The 16 is not rated to 30 hp, and lowering the motor defeats the purpose of having a tunnel. I ran both a heavy cupped 3 blade as well as 4 blade powertech prop on mine and I could turn fairly sharp at the higher rpm range compared to the stock prop without blowing out.


----------



## blondmonkey777 (Oct 18, 2012)

If you need to turn in tidal creeks like we have a NE Florida forget the sc16 or 18 I've been on both a lot and owned a sc16 for a little over a year and tried every prop/motor height and even 3 different outboards on it and you can't make the boat turn like it should. I understand it's a tunnel hull but some designs are better then others. It will run very shallow while on plane but you will need 12-14 inches to get up with it's narrow beam to length makes it squat a tad. The new 17 shadowcast that is in r and d stages looks like a winner or the native 17 imo


----------



## paint it black (Nov 3, 2007)

I am putting the 17 non tunnel through its paces, once I feel that I have a fair judgement on the skiff's full performance, I will report back a full analysis on the skiff. So far, I am extremely happy with it's performance. 
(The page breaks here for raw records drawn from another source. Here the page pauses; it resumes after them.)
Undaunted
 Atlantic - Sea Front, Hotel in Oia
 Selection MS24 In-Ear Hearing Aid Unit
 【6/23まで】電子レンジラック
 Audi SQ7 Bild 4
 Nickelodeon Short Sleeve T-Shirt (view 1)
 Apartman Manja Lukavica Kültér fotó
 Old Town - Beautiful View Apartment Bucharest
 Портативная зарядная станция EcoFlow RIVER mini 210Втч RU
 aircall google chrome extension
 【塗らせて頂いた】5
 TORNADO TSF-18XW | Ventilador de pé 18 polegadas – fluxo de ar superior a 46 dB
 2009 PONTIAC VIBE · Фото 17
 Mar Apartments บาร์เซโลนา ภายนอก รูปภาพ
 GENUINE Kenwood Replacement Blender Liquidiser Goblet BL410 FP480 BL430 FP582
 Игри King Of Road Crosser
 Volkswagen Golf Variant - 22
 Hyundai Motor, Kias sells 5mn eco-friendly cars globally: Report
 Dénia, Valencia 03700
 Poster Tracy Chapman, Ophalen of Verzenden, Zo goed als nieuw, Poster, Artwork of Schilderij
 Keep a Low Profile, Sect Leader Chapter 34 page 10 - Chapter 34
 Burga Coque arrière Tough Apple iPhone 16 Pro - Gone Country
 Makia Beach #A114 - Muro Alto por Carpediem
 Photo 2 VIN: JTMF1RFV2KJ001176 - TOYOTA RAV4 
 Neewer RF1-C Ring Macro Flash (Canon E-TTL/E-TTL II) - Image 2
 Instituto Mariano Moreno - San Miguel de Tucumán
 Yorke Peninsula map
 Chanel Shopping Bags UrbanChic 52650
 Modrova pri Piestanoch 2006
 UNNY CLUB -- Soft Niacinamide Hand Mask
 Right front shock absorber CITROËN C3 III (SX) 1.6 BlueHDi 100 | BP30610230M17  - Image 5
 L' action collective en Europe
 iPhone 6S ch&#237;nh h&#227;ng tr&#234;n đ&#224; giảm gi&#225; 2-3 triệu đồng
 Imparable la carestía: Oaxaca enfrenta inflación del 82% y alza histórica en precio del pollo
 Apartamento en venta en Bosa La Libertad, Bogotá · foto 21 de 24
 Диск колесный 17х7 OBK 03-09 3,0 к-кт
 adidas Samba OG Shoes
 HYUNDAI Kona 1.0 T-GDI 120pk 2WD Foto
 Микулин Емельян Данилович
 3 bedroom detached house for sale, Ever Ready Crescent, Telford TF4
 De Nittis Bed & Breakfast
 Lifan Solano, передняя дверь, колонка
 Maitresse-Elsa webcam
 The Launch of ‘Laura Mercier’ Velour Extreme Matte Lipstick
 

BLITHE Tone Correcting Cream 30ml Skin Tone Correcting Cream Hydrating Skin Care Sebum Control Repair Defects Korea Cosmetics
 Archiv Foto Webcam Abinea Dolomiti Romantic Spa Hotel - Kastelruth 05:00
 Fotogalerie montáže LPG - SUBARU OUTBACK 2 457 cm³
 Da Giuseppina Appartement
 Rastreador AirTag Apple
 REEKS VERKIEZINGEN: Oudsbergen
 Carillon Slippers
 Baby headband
But since I was asked to put it to the test, I don't take it lightly. If my opinion will have an impact on the final product, I want to be 100% certain that it'll perform to it's highest abilities. I can tell you it turns great. I will be fishing the Herman Lucerne Memorial in Islamorada this weekend in the skiff. 

Not certain is the skiff will even hit the market, or if so when. But Rory at Ankona said they may be willing to remove the tunnel on a skiff for a customer if they requested at an extra charge.

My experience with the sc18 isn't that it would blow out on turns. It almost felt like it had too much bite on turns. Props have a huge impact on blow out.


----------



## el9surf (Dec 23, 2008)

In my opinion one major flaw they need to address is the chine line at the last 2 feet toward the bow. It curves up leaving a surface for hull slap when poling into any kind of chop. Not a huge issue but noticeable. If they would lower this line the boat would be dead quiet on pole. Aside from that it was a fun skiff. With the correct height setting and prop my sc16 didn't suffer from the blowout described. It could run a tight winding creek wot. Especially with the cupped 4 blade.


----------



## pt448 (Mar 22, 2014)

You may also want to look into the Low Country 16 and 1656V in the Salt Marsh lineup. They price out similarly to the SC18, but neither have a tunnel. You can also go up to 40 or 50 hp on them.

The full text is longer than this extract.